The expansion and development of organizations year after year make construction inevitable. Values recorded by the Census Bureau indicate that construction is booming. In 2015 alone, cumulative U.S. construction project spends reached $1 trillion, the highest recorded amount since 2008. Although many organizations nationwide continue to break ground on new construction, undertaking these large projects comes with a fair amount of risk. Failing to adequately understand where your organization may be at risk can lead to overspending and, in certain cases, legal disputes. Knowing the five major risk areas in construction contracts can help you manage your ongoing or upcoming construction projects to ensure you are not overpaying.
The biggest risk to an owner lies in the contract itself. Too often construction contracts are muddied with unclear language that makes it difficult to determine reimbursable project costs. When a contract is drafted using clear and transparent language, it allows every party to know exactly what the scope of work entails, which costs fall within that scope of work and which costs do not. Clauses and provisions should be written so that someone unfamiliar with the project, such as an arbitrator or judge, can easily understand the costs to be reimbursed by the owner to the contractor on the project. Clear, concise contract language can also mitigate an owner’s risk related to potential project cost issues.
For cost reimbursable guaranteed maximum price (GMP) contracts, contractors are compensated for actual costs incurred, in addition to a fee, up to a guaranteed maximum amount. Because the contractor will be compensated for actual cost as defined by the contract agreement, detailed project budgets are essential to ensure that the GMP budget is not artificially inflated.
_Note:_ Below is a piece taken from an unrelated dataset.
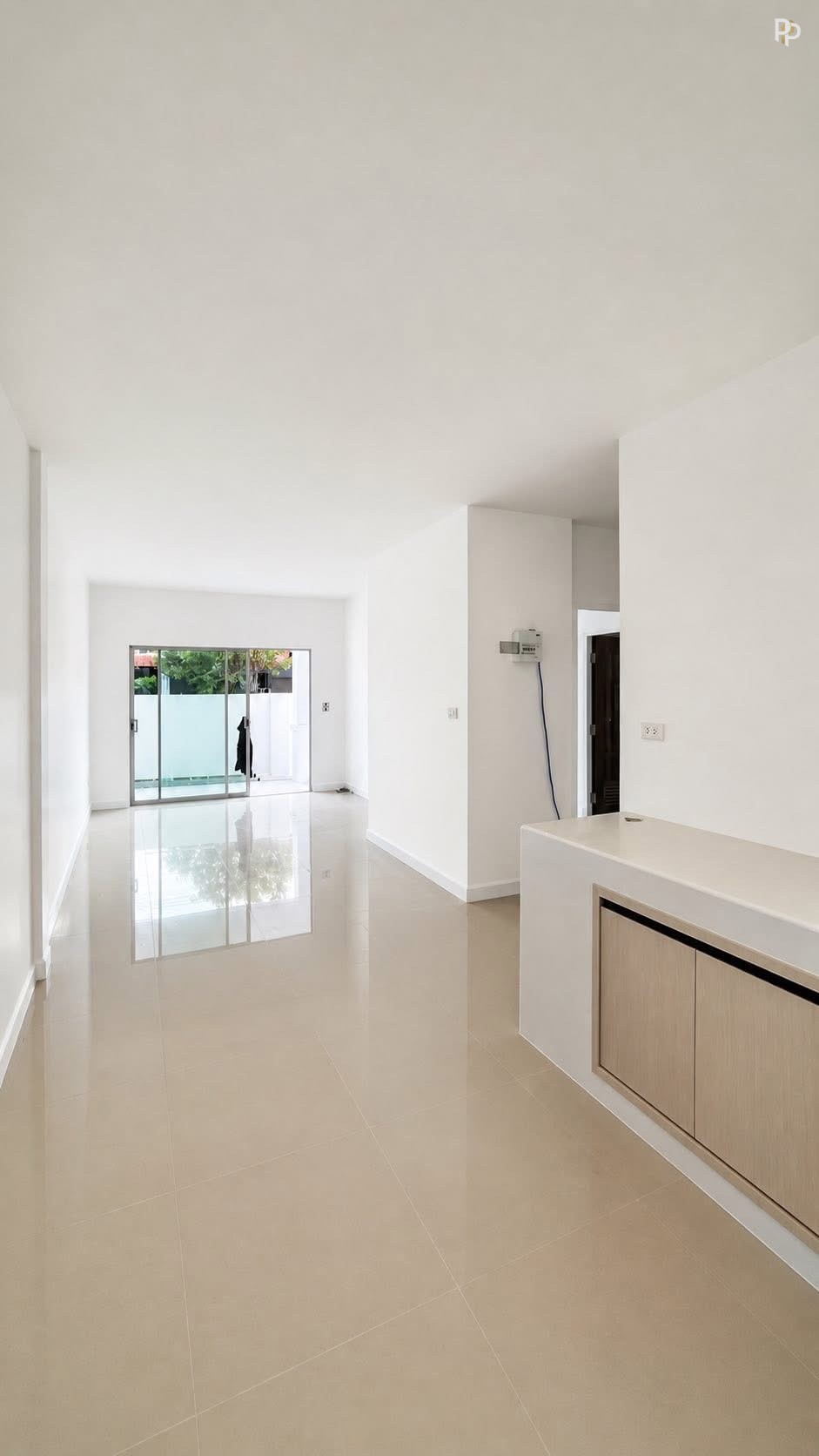 Property view 4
On cost reimbursable contracts, owners need to carefully review budget line items to confirm that budget amounts represent a contractor’s actual cost and comply with the provisions of the respective contract agreement. By removing unnecessary or overstated budget line items, owners can save a significant amount of money on their construction projects before construction even begins.
Each executed contract should detail the reimbursable labor rate costs associated with your contractor and subcontractors. It is important to review each of these labor rates prior to starting any work to determine whether they are in accordance with the contract agreement and represent a contractor or subcontractor’s actual cost to perform the work. Contractors selected through a competitive bidding process will likely present low, lump sum contract amounts in order to win the work. However, when contractors determine the price for change order work, it is not based on a competitive bid process. Pricing is often inflated as a result of overstated labor rates. Many organizations have benefited from contractor and subcontractor labor rate reviews in order to guarantee they are receiving the best possible price. You can drive down labor costs on your projects by using a third party construction auditor that has a database of national contractor labor rates and a comprehensive understanding of construction labor costs.
With any major construction project comes surprises that can increase the scope of work. Even if your organization drafted the project contract using clear language and selected a fairly priced contractor to do the job, there is still the possibility that additional work outside of the original estimate will be required. If you are required to deviate from your original plan, a change order will be needed. For example, if a renovation project required additional electrical work outside of the original scope, the owner and contractor would execute a change order detailing who would perform the additional work as well as the cost of materials, equipment and labor for the new scope. It is important to carefully review every change order to gain an understanding of why the change is necessary and assess pricing to confirm that it is fair to both the contractor and the project owner.
Insurance and Bond Costs
Many contractors’ project costs are often overstated as a result of contractors using complex self-insured insurance and bonding programs. Contractors can also inflate their insurance costs by billing for additional coverages not required by the contract agreement or by billing for limits in excess of the coverage required in the respective contract agreement. It is important that every owner carefully review the insurance coverage and costs related to their project to guarantee adequate insurance coverage, while also mitigating financial risk to potential insurance over-billings.
Understanding the major risk areas you face prior to beginning a construction project will help you to manage that risk from project inception to completion. At a minimum, owners need to execute clear contracts that consider the pricing of project budgets, labor rates, changes in the work, and insurance costs so that your project can stay within budget. When each of these risk areas is taken into consideration, organizations avoid costly over-billings and potential disputes.